|Version 1 (modified by burek, 11 months ago) (diff)|
- Download basic "Eclipse Classic" from http://www.eclipse.org/downloads/
Some of you might say "Oh, you could download 'Eclipse IDE for C/C++ Developers' all in one installation", but the point is a lot of developers are already using their own version of Eclipse, with various plugins/addons installed, so it is better to show in this tutorial how to do all that in the modular way. That way developers, who already have Eclipse installed with Java/C++/Lua/PHP/custom addons, can just skip this first step and continue, without the need to search on Google how to do all this without breaking heir currently installed version of Eclipse.
- Uncompress and run the Eclipse
After uncompressing (usually with "tar xzf eclipse.<version info here>.tar.gz"), you can simply enter the eclipse directory (with "cd eclipse") and run the Eclipse (usually using "./eclipse"). After you start the Eclipse for the first time, it will ask you for the "workspace" directory. This directory will contain your future projects in subdirectories. You can also switch between workspaces if you work for example in Java/Lua?/PHP/C++ (as I do) and that way you can organize your projects better, by making separate directories for each programming language, with subdirectories for each new project you work on. Also, you can close the "Welcome" tab, to be able to see the workspace behind it.
- Install "Eclipse CDT project plugin" (C++ Development Tools)
The usual way to do this is to start the Eclipse and go to the "Help - Install New Software" menu option. When the new dialog window shows, you'll have to do 2 things. The first thing is to tell Eclipse from where do you want to download/install stuff. In the latest Eclipse, the field name is named "Work with" and you should select the latest Eclipse version there. In my case, the option was named "Indigo - http://download.eclipse.org/releases/indigo". After that, you should type 'cdt' in the search filter field, below the "Work with" field. The results will appear depending on your Eclipse version, so select all CDT related packages and click "Next", accept the license agreement and install all that. Restart Eclipse if asked.
If there were any errors during the installation, you can view the error log by going to "Help - About Eclipse SDK", then press the button "Installation Details", switch to the "Configuration" tab and press "View error log" :) Simple, right? :))) I had some issues with certificates, because I was using Debian. More info here: https://bugs.eclipse.org/bugs/show_bug.cgi?id=258301 If that's the case with you too, you can solve that issue by typing in console the following command: "update-ca-certificates -f -v" and repeating the installation process for CDT. Restart Eclipse if asked.
- Install GIT plugin
You can use this tutorial: http://www.vogella.de/articles/EGit/article.html or you can just repeat the same installation process as for "cdt" but instead of "cdt" you need to type 'git'. The rest is the same. Restart Eclipse if asked.

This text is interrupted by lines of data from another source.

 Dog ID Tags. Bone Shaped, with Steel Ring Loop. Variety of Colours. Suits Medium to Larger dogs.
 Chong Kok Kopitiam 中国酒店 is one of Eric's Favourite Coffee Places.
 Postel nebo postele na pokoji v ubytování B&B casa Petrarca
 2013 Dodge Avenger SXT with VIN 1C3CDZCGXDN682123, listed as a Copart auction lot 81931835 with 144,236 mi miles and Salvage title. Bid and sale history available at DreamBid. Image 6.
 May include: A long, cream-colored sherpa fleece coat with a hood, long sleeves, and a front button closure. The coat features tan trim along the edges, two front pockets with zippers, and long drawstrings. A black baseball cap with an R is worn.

- Clone the FFmpeg's git repository
In the Eclipse, go to main menu option "File - Import - Git - Projects From Git", paste the git url " git://source.ffmpeg.org/ffmpeg.git" and press the "Clone" button.

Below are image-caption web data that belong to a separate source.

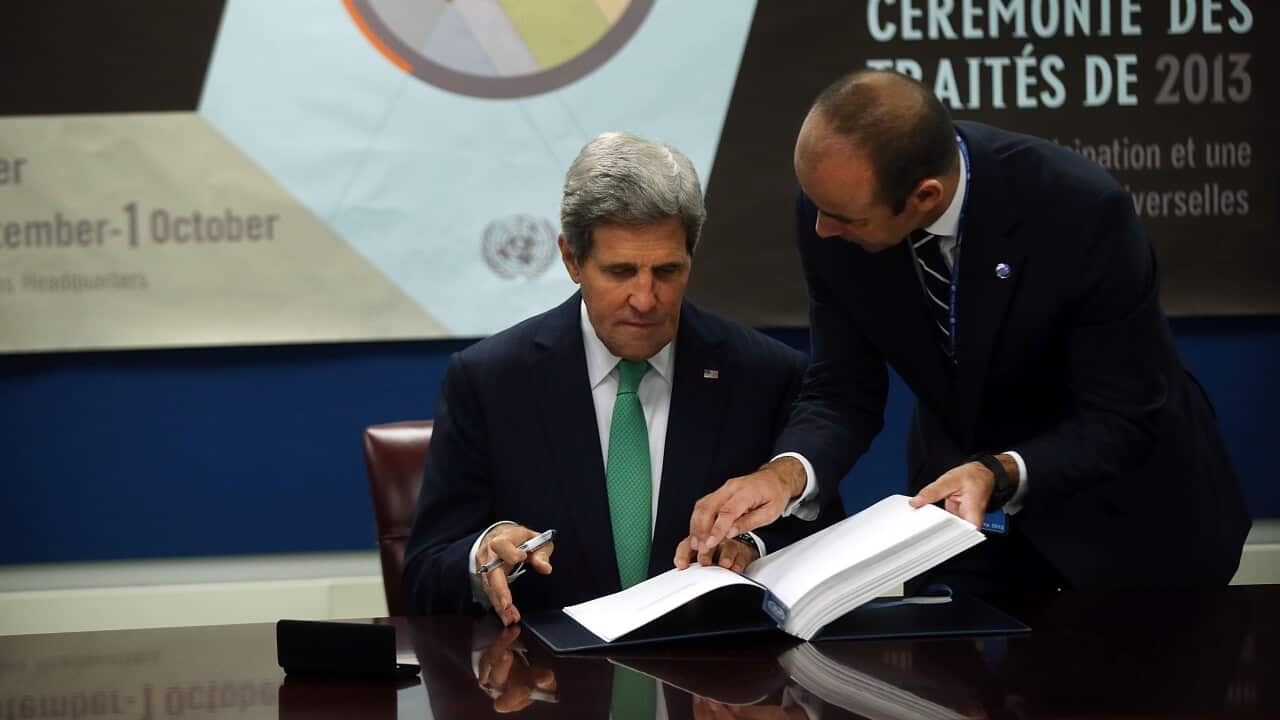U.S. Secretary of State John Kerry signs the U.N. Arms Trade Treaty - Getty.jpg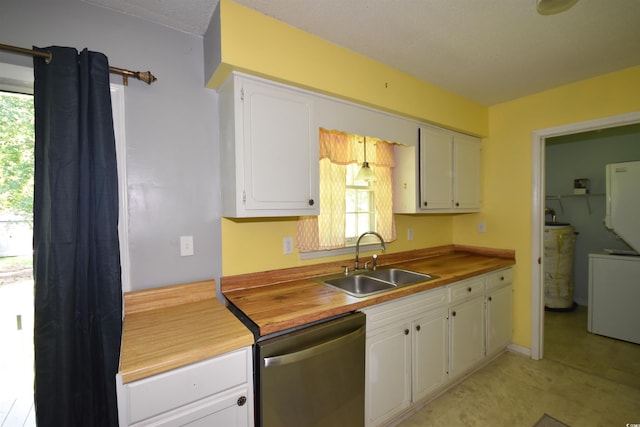 240 Yadkin Ave, Georgetown, SC 29440 - kitchen with stainless steel dishwasher, butcher block countertops, white cabinets, and independent washer and dryer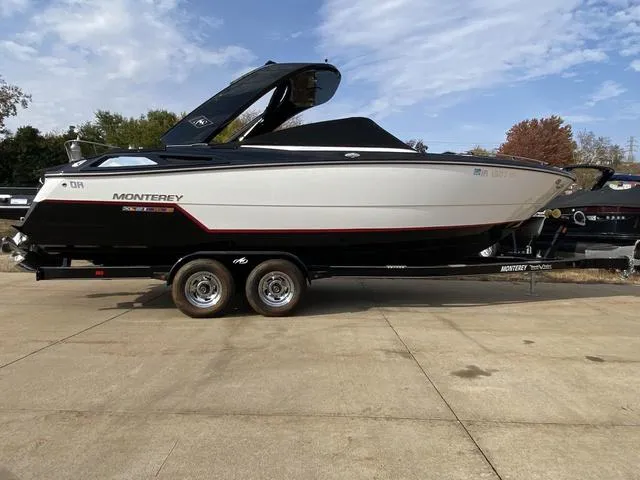 Slide: The Image of 2017 Monterey 278SS boat on trailer, sleek design, black and white exterior. - 3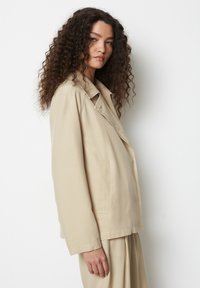 Beež puuvillane jakk klapiga kraega, küljetaskutega ja lõdva istuvusega, millel on sile tekstuur ja minimalistik disain.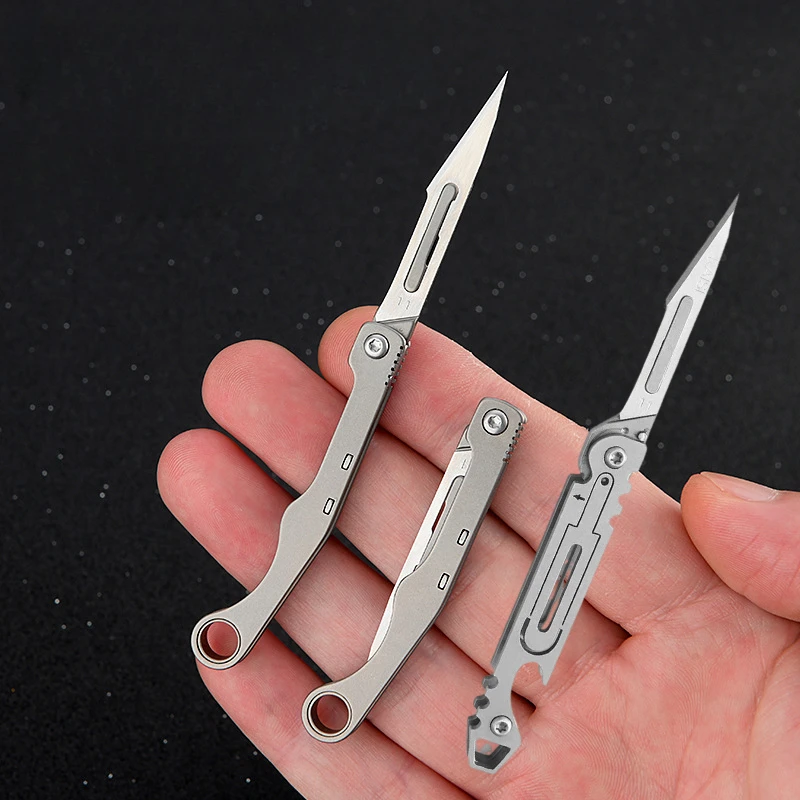 ใหม่ Mini Titanium Alloy มีดพับกลางแจ้ง Camping แบบพกพา EDC มีดมาพร้อมกับใบมีดฟรี 10 ชิ้น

- Create new C++ project using existing FFmpeg's source code
In the Eclipse, go to main menu option "File - New - Project", then choose "C/C++" and then "Makefile Project with Existing Code" and navigate to the FFmpeg's source code directory you have cloned in the previous step (usually "/home/<username>/git/ffmpeg").
- Compile the source code
First of all, make sure you have c++, g++, make and other build tools installed. If you are using debian/ubuntu, you can type "apt-get install build-essential". Before you compile the source code for the first time, you'll have to go to your local git directory ("/home/<username>/git/ffmpeg") and type "./configure". After it finishes, go back to Eclipse and use the main menu option "Project - Build All".